Houses on Bidwell Parkway date from approximately the 1890s to 1900s, and many feature more high-style examples of Queen Anne, Colonial Revival and Tudor Revival styles. The street also contains several apartment buildings, compatibly scaled to the neighboring 2 1⁄2 or 3-story houses.

Notable buildings on Bidwell Parkway include the George L. Thorne House at 50 Bidwell Parkway, designed for one of Buffalo’s most prominent real estate moguls by Bethune, Bethune and Fuchs around 1885. The house at 123 Bidwell Parkway dates to 1895 and was designed by Joseph Lyman Silsbee, a nationally-significant architect and early mentor to Frank Lloyd Wright. It was built for Charles Dudley Arnold, official photographer of the Chicago World’s Columbian Exposition in 1893 and the Buffalo Pan-American Exposition in 1901.

- Elmwood Historic Preservation District (West)

Built in 1895 for CD Arnold, this may have been one of [J. L.] Silsbee's last Buffalo Commissions. And I think the reason for this later commission is that CD Arnold photographed the Chicago World Fair in 1893 where Silsbee was prominent. Silsbee exhibited many of his inventions there such as the moving sidewalk, and Arnold being an architectural photographer, no doubt had interaction with Silsbee.

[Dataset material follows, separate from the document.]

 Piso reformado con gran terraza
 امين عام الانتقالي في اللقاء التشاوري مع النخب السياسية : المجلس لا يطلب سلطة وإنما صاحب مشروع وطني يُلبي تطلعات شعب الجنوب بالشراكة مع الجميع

An early book by Arnold shows the influence his trip to France and Europe had on him as he drew and sketched the Renaissance influenced homes of the local people. That Arnold commissioned Silsbee, who was still very active in Chicago, for a special Tudor Revival design with Richardsonian Romanesque elements for his dream home is not surprising.

- Joe Dettelis, 2011 owner of 123 Bidwell Parkway


Historic Photos
Source: Thomas G. Yanul, Charles Dudley Arnold: Photographer 1844-1927 (online June 2015)
Used with permission.





 Note empty corner lot to left. House has been modified at some time, now has porch across front and other minor changes.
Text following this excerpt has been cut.